• RECORDED DATA:
== Segment start ==
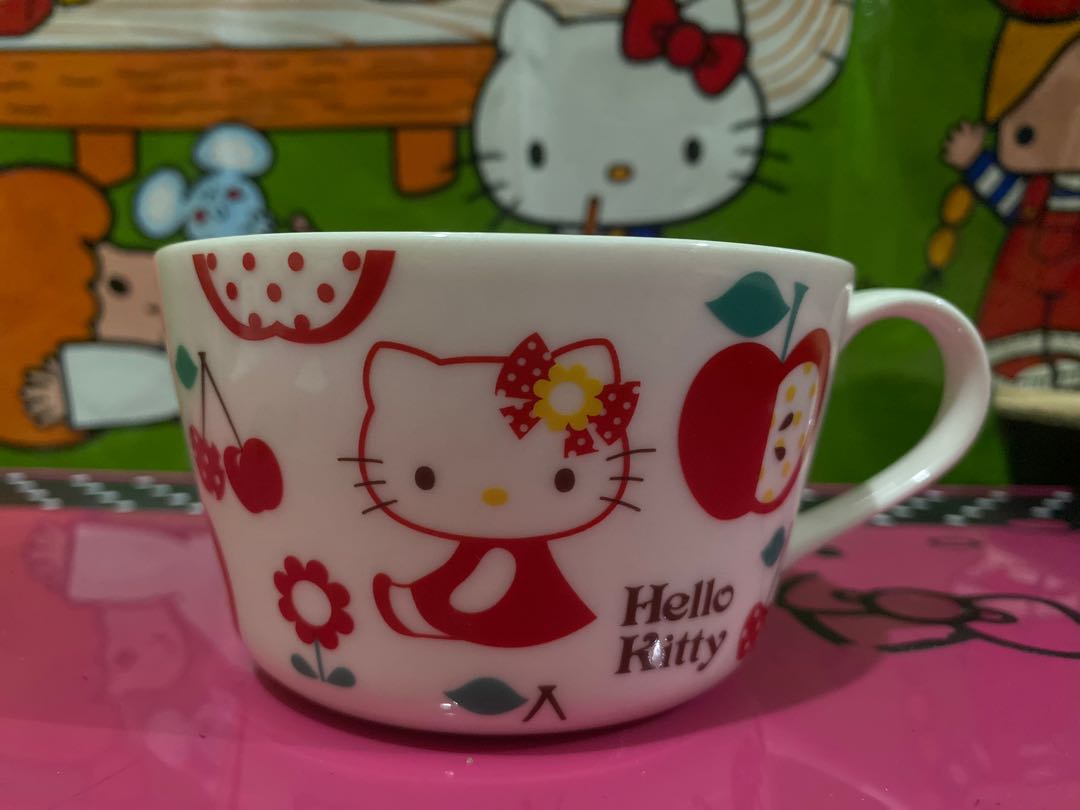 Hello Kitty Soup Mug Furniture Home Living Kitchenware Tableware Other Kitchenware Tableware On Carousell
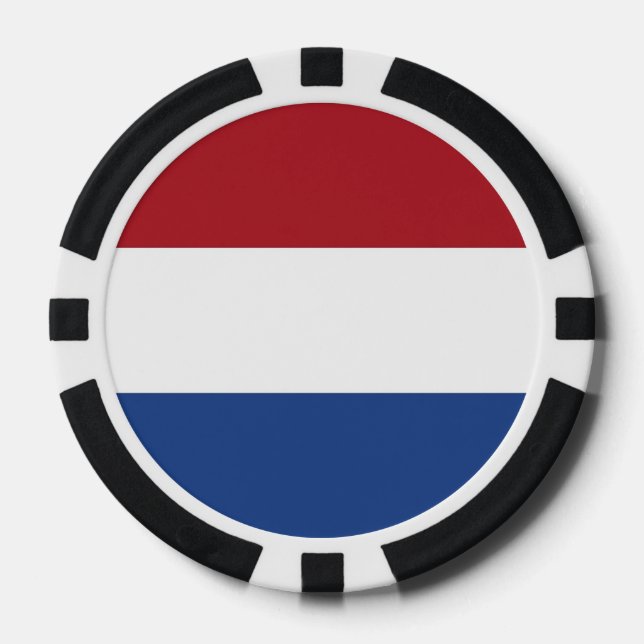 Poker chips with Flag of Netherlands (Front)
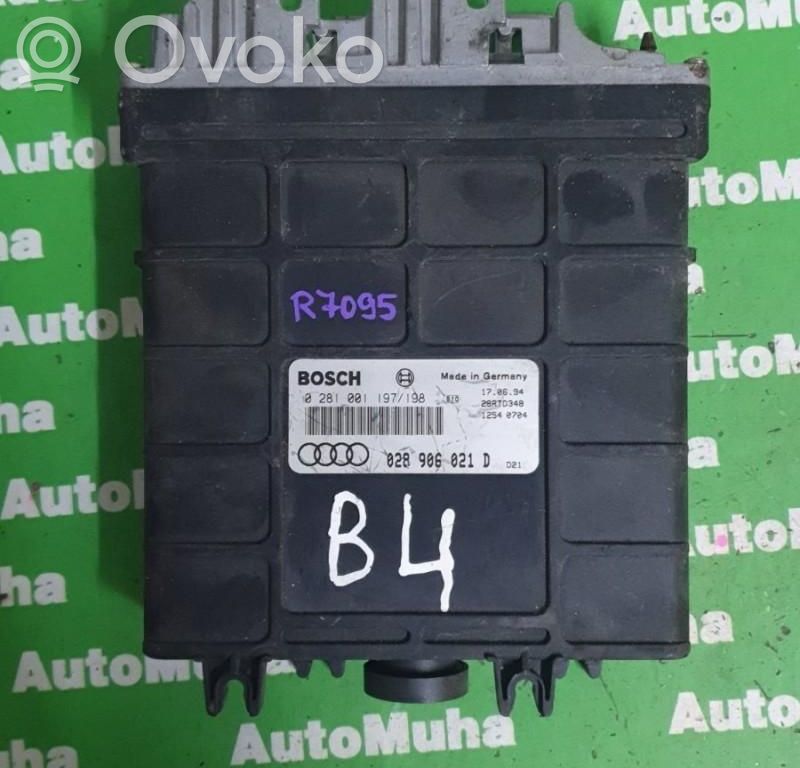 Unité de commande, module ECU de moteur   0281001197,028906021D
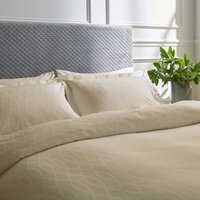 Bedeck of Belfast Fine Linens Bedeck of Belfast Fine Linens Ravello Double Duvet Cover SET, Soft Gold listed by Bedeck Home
== Segment end ==
Write out the data above precisely. Pictures stay out.

• EXERCISE OUTPUT:
 Hello Kitty Soup Mug Furniture Home Living Kitchenware Tableware Other Kitchenware Tableware On Carousell
 Poker chips with Flag of Netherlands (Front)
 Unité de commande, module ECU de moteur   0281001197,028906021D
 Bedeck of Belfast Fine Linens Bedeck of Belfast Fine Linens Ravello Double Duvet Cover SET, Soft Gold listed by Bedeck Home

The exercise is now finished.